Deslizamos el dedo por pantallas luminosas mientras algoritmos invisibles registran cada pausa, cada clic, cada deseo fugaz. El nuevo amo no usa corona ni trono; viste códigos binarios y habita servidores climatizados. No necesita látigo porque ha perfeccionado el arte sublime de la seducción: nos convence de que cada compra es una elección libre, cada deuda una oportunidad, cada notificación un llamado irresistible. Nos despertamos consultando sus mandatos y nos dormimos planificando cómo servirle mejor mañana, convencidos de nuestra absoluta autonomía.


La paradoja del capitalismo contemporáneo reside precisamente en que mientras más libres nos creemos, más atados permanecemos a sus lógicas invisibles. Trabajamos exhaustivamente para costear lo que no necesitamos, sacrificamos tiempo de vida para adquirir dispositivos que prometen ahorrarlo, y financiamos con data personal servicios que alimentan la maquinaria que nos esclaviza. Lo verdaderamente perverso no es que nos explote abiertamente, sino que nos hace cómplices entusiastas de nuestra propia explotación. El látigo ha sido reemplazado por la publicidad personalizada; la cadena metálica por el wifi de alta velocidad.


Lacan (1992) anticipó esta transformación cuando señaló que "el discurso del amo moderno es el capitalista". A diferencia del discurso del amo tradicional, donde el mandato era explícito y la sumisión consciente, el discurso capitalista opera mediante una subversión radical del deseo. Ya no produce principalmente mercancías sino subjetividades: sujetos perpetuamente insatisfechos, convencidos de que el próximo objeto-gadget colmará finalmente su falta estructural. El plus-de-goce, lejos de ser una transgresión al sistema, se convierte en su combustible esencial. Lo que antes era excepcional —el exceso, el derroche, la transgresión— ahora constituye el imperativo categórico: ¡Goza!


Este mandato superyoico del goce infinito se materializa en ciclos cada vez más veloces de consumo-descarte-consumo. Mientras el capitalismo industrial producía objetos relativamente duraderos, el capitalismo algorítmico genera obsolescencias programadas no solo en los dispositivos sino también en las identidades. El sujeto contemporáneo debe reinventarse constantemente, actualizarse como una aplicación digital, seguir las tendencias que el mismo sistema produce y abandona vertiginosamente. La angustia ya no proviene de la prohibición (como en la época victoriana) sino de la imposibilidad de estar a la altura del imperativo de goce continuo e innovador.
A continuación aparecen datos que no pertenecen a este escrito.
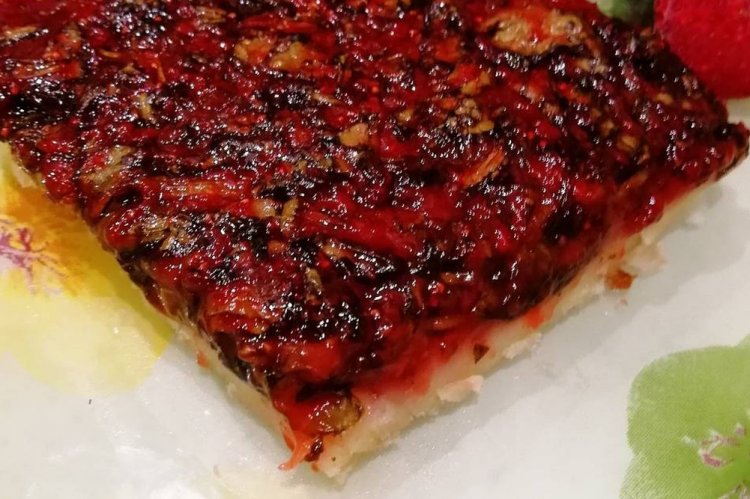Tarta de fresa y acedera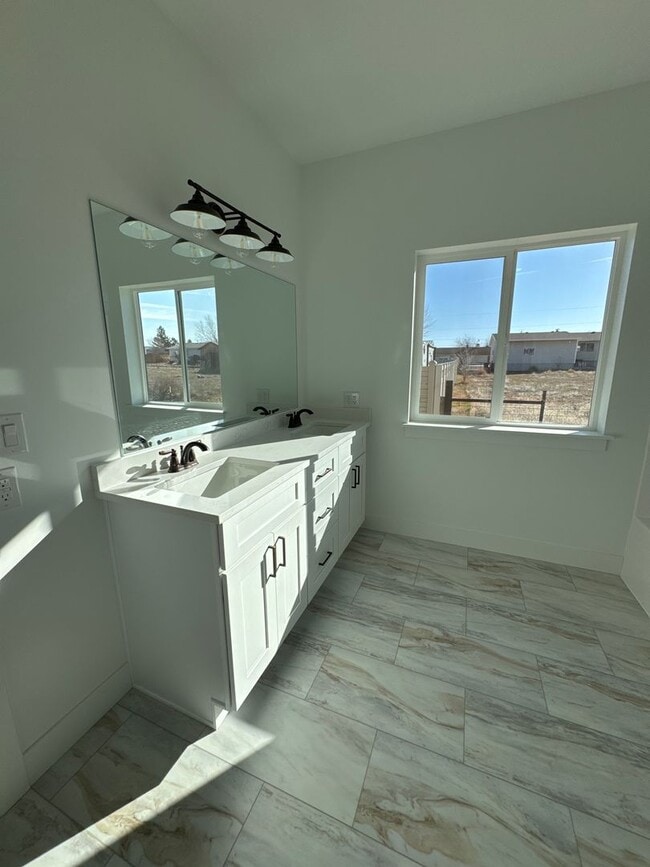 Building Photo - 729 W 350 N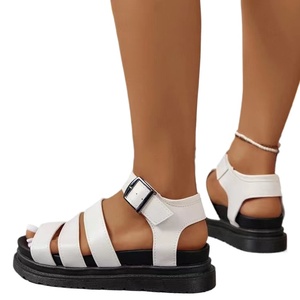 <span class=keywords><strong>Sandales</strong></span> plates décontractées pour femmes, tendance mode, imprimées en PVC, à bout ouvert, semelle épaisse en caoutchouc, légères, style pieds nus, pour la plage - Product Image 1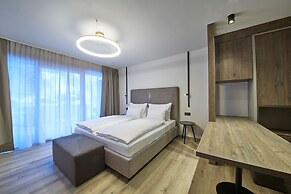 LH Suites - New Opening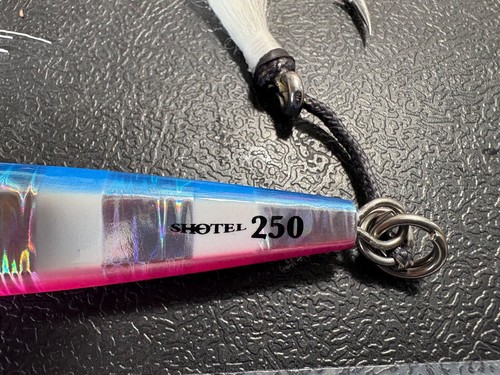 Shout Shotel Jig - Blue Pink Zebra Glow - 250 grams - Picture 3 of 6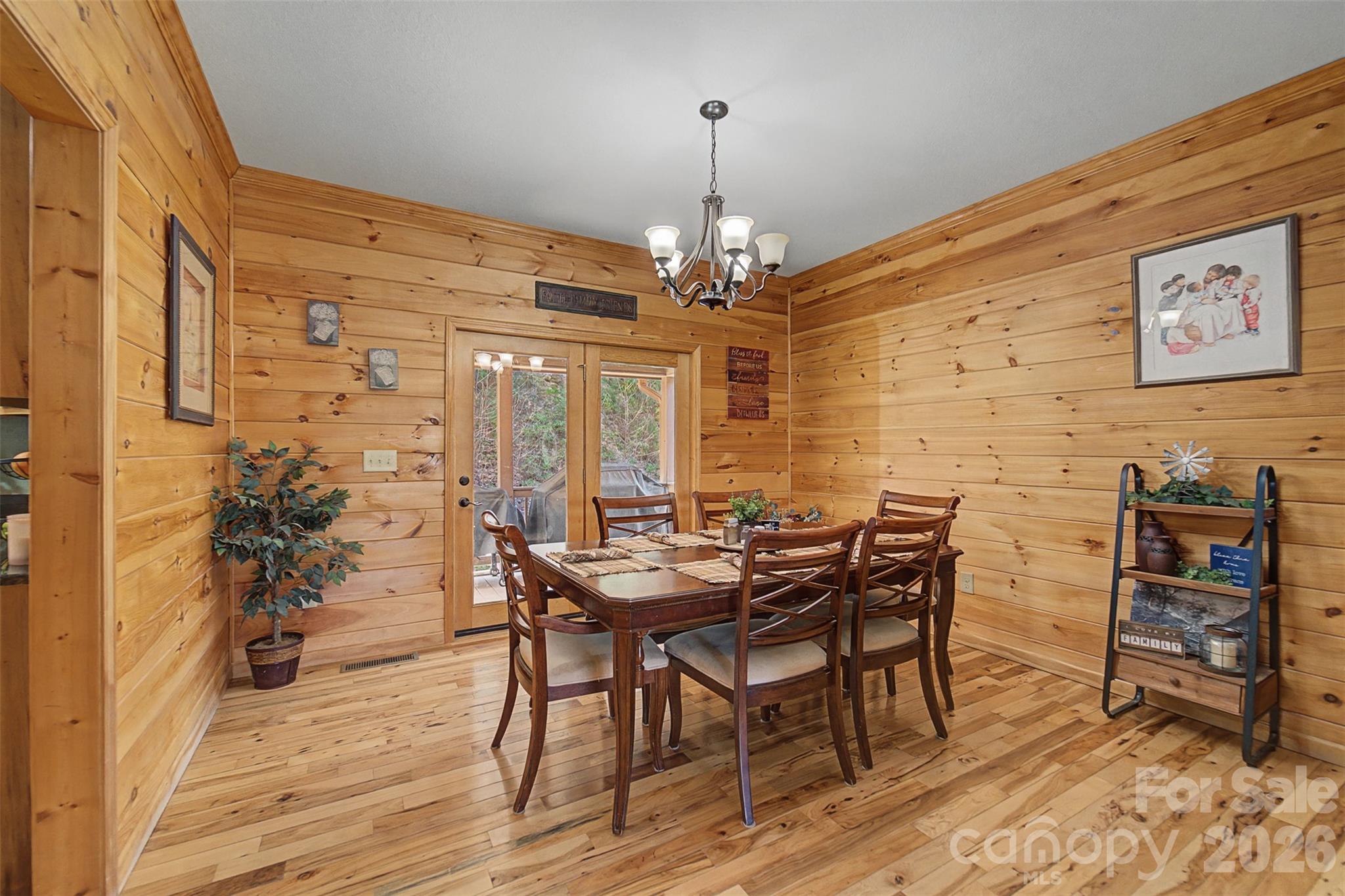1960 Atoah Road Robbinsville NC 28771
La clínica actual encuentra su mayor desafío en pacientes que no sufren por deseos reprimidos sino por la incapacidad de experimentar deseo genuino. Aparecen agotados no por prohibiciones sino por mandatos de satisfacción imposibles de cumplir. El analista contemporáneo se enfrenta a la paradójica tarea de restaurar cierta capacidad de frustración, cierto límite que permita el surgimiento del deseo auténtico frente a la avalancha de ofertas prefabricadas. Su labor no consiste ya en liberar al sujeto de sus inhibiciones, sino en ayudarle a encontrar su propia medida en un mundo sin medida.


Referencias


Lacan, J. (1992). El seminario, libro 17: El reverso del psicoanálisis (1969-1970). Paidós.